* **Required work**
Beginning with the first line, copy out each line of the material until the line containing "Image of Chekko" has been copied as well.

---

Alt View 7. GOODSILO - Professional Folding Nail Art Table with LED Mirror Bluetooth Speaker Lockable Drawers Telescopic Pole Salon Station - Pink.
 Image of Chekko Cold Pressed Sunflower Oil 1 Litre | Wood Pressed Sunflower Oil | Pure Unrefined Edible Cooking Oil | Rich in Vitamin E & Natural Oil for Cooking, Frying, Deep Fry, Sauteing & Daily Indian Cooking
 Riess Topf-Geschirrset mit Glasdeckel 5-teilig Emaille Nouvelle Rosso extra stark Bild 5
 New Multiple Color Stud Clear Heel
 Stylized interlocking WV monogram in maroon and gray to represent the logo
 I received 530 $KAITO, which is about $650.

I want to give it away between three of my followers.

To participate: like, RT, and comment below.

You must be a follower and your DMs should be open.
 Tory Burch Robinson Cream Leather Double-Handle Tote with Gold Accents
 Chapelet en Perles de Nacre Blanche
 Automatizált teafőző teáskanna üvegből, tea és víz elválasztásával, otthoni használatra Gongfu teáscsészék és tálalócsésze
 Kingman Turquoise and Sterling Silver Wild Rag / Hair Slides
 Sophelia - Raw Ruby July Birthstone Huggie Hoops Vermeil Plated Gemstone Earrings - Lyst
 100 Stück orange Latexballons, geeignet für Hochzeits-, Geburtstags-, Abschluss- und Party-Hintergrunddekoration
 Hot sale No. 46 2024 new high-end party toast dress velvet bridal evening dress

---

* **Solution to this problem**
Alt View 7. GOODSILO - Professional Folding Nail Art Table with LED Mirror Bluetooth Speaker Lockable Drawers Telescopic Pole Salon Station - Pink.
 Image of Chekko Cold Pressed Sunflower Oil 1 Litre | Wood Pressed Sunflower Oil | Pure Unrefined Edible Cooking Oil | Rich in Vitamin E & Natural Oil for Cooking, Frying, Deep Fry, Sauteing & Daily Indian Cooking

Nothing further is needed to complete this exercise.